Go through the listing that follows and write it out exactly. Drop the pictures.

DATA BELOW -
---------------
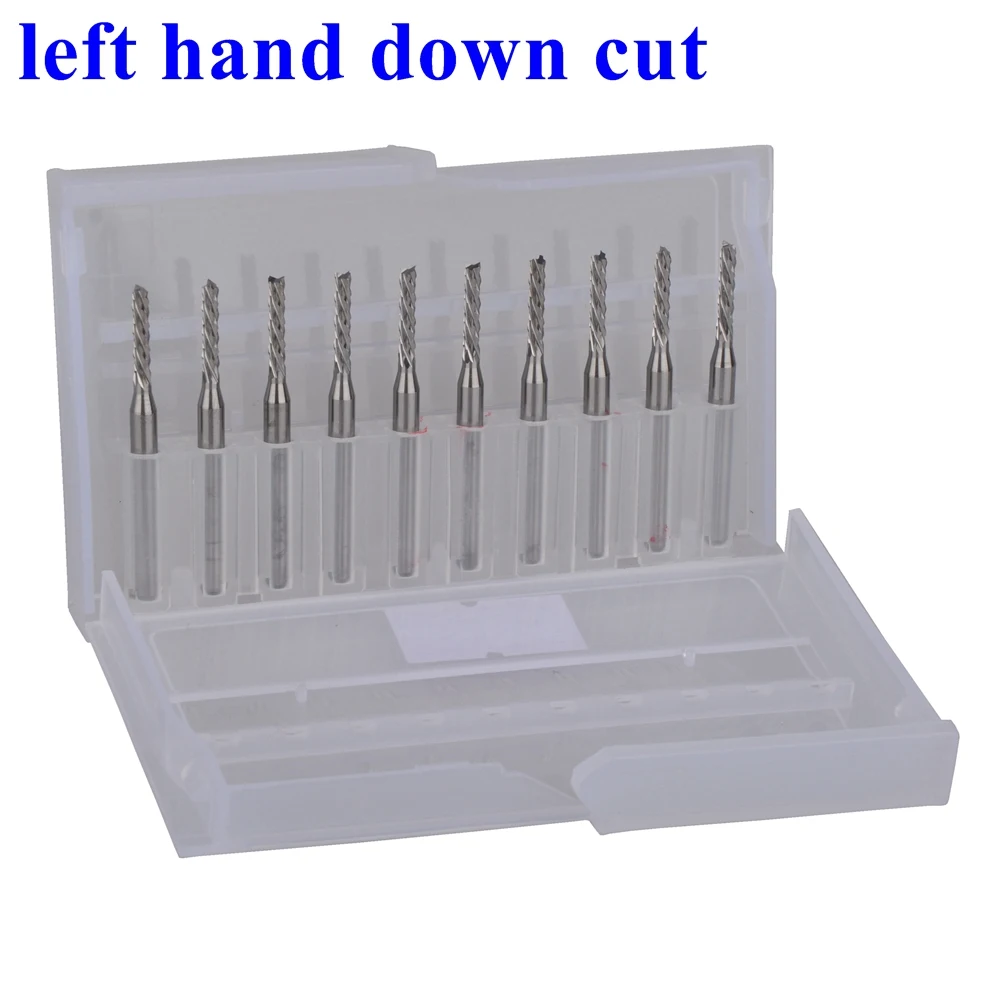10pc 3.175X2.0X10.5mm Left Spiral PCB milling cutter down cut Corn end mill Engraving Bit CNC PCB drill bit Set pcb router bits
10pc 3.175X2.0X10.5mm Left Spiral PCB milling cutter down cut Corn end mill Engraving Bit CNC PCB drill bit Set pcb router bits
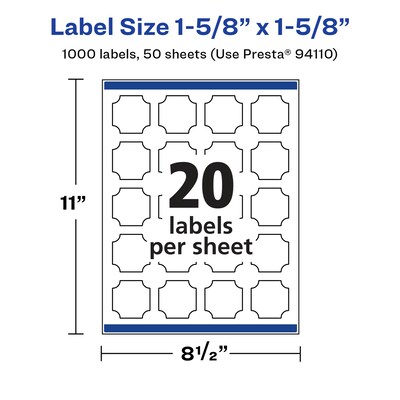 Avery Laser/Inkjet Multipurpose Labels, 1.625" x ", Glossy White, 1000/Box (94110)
---------------
TASK OUTPUT -
10pc 3.175X2.0X10.5mm Left Spiral PCB milling cutter down cut Corn end mill Engraving Bit CNC PCB drill bit Set pcb router bits
10pc 3.175X2.0X10.5mm Left Spiral PCB milling cutter down cut Corn end mill Engraving Bit CNC PCB drill bit Set pcb router bits
 Avery Laser/Inkjet Multipurpose Labels, 1.625" x ", Glossy White, 1000/Box (94110)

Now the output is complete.